Questa macabra e dolorosa educazione l'hanno resa, agli occhi del finto conte Fujiwara, «fredda come il ghiaccio», tanto da ricordargli «un cadavere».

È il risultato di lunghissimi insegnamenti...

Il corpo maschile le diviene repellente, viscido, invadente. Il conte poi è un uomo che tende ad allungare le mani, quasi per abitudine, anche se dai suoi occhi traspare malizia. Corteggia tutte le inservienti che incontra, le seduce con lo sguardo e le inganna con le parole. La dama di compagnia che ha preceduto Sook-Hee è stato licenziata grazie a lui, che l'ha sedotta e posseduta proprio per farla licenziare.
Peggio delle palpatine e dei commenti, dei libri erotici e degli sguardi maschili c'é solo il sotterraneo. Fin da piccola lo zio la porta lì, non per ferirla, per avvertirla. La zia quando, ancora in vita, tentò la fuga, fu portata giù, di sotto. Poco dopo si tolse la vita. Hideko lo teme, lo zio la minaccia, la sola idea è angosciante... L'unica che riesce a darle forza sembra essere Sook-Hee, lei le insegna l'amore, la ribellione, la verità. Ma non tutto è come sembra.

Un consiglio che credo utile per leggere i film di Park Chan-wook è di osservare attentamente i dettagli degli ambienti in relazione alle inquadrature. Diciamo di considerare scenografia e regia come due ulteriori linguaggi nel quale si può cercare l'intento comunicativo. Per esempio, si faccia caso alla scena in cui il conte e la signorina Hideko dipingono e Sook-Hee li osserva da fuori la finestra, si noti come l'ambiguità del doppio sguardo si rifletta nel vetro mezzo opaco e mezzo lucido. Se fosse di vostro interesse ho "analizzato" altri due film Park Chan-wook in Due volti dell'amore, nella seconda parte, dove potete trovare esempi simili.

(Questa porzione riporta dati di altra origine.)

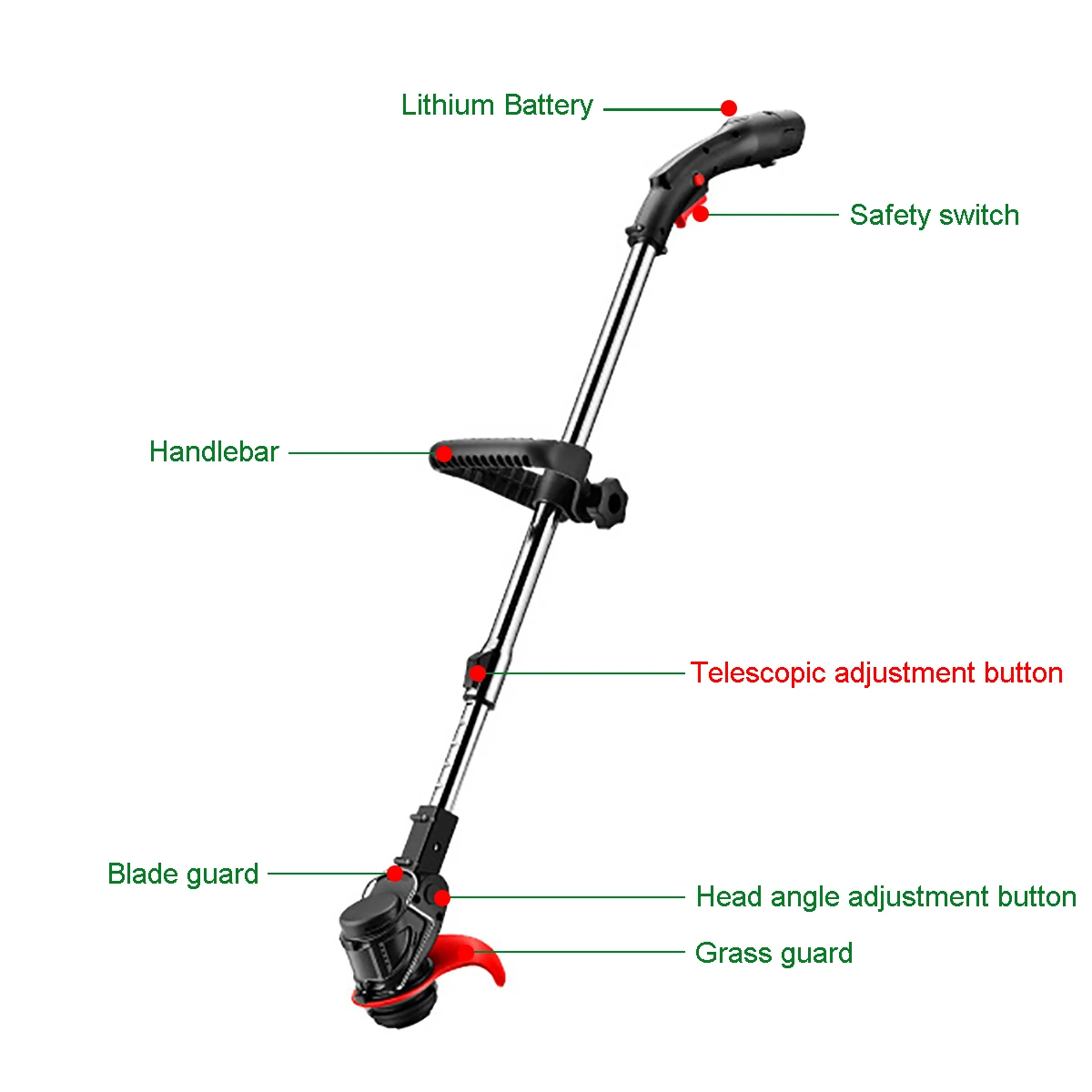 

48VF Portable Electric Grass Trimmer Handheld Lawn Mower Agricultural Household Cordless Weeder Garden Pruning Tool Brush Cutter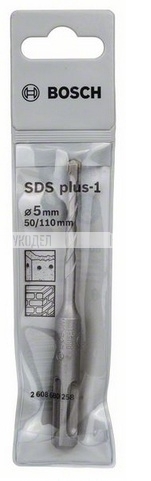 Сверло по бетону SDS plus-1 5x50x110мм 2608680258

In fine, dato che quest'edizione è Giù le mani dal mio corpo, io credo doveroso un commento alle scene erotiche del film che, come un po' tutto, sono tre. La prima è magistrale. La seconda è incredibile ma si dilunga troppo, tanto da risultare insistente e poco elegante. La terza era assolutamente non necessaria.